• Assignment: Would you retype exactly the lines below, starting with the one that has "Beautiful SilverTone fashion" and going on through the one that has "Album cover with", with no pictures and nothing else?

• Entries shown:
########################################

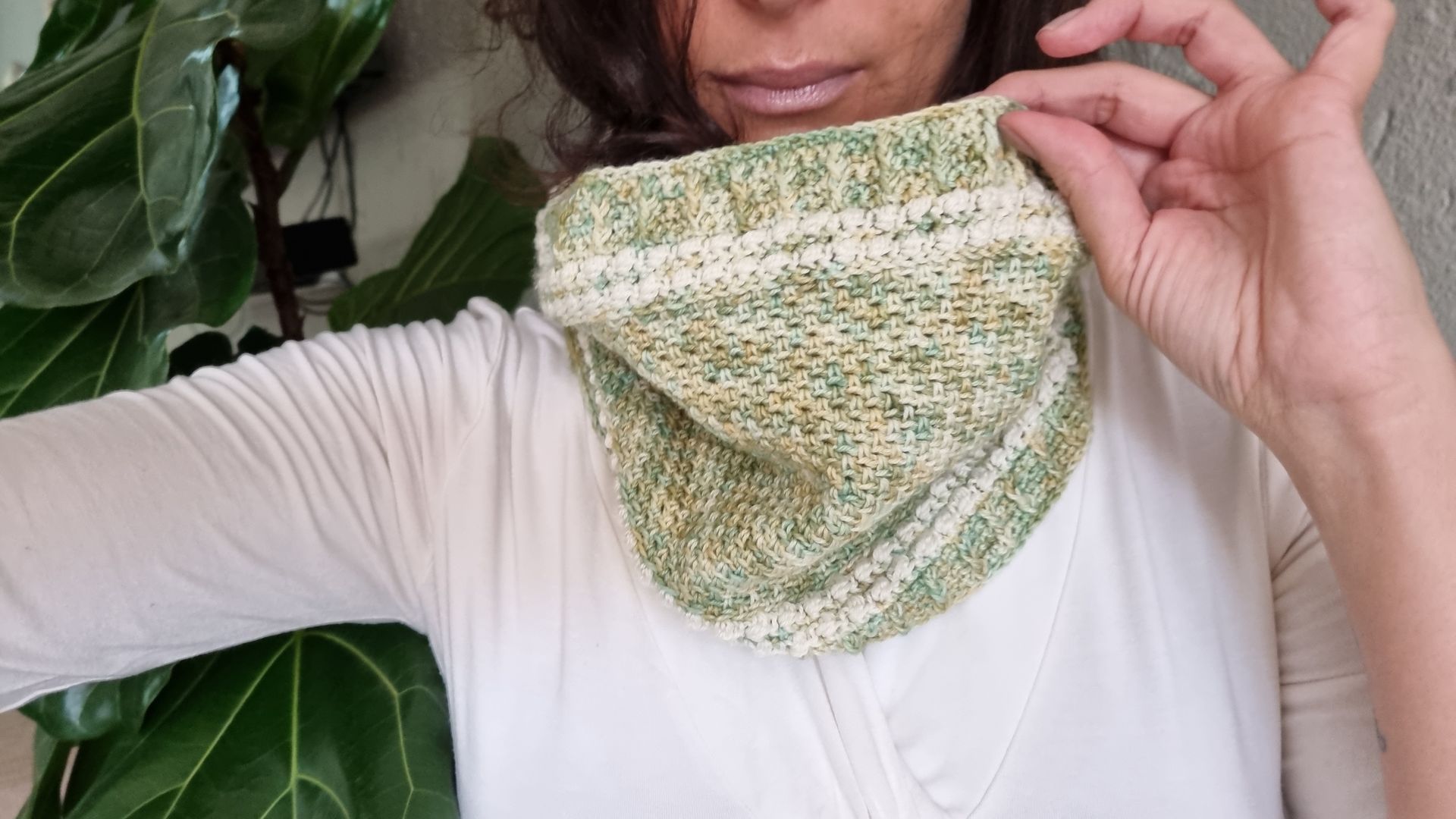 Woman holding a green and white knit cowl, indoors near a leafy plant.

########################################

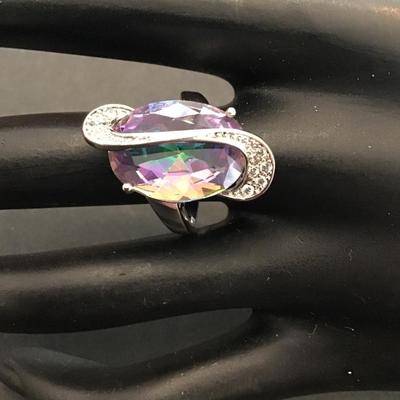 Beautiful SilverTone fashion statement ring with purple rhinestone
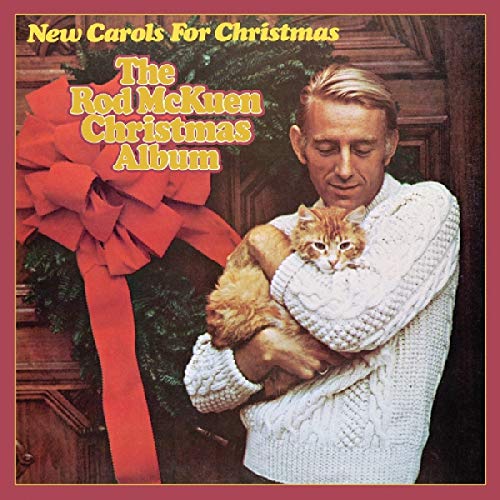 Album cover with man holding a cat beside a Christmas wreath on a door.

########################################

• Answer box:
 Beautiful SilverTone fashion statement ring with purple rhinestone
 Album cover with man holding a cat beside a Christmas wreath on a door.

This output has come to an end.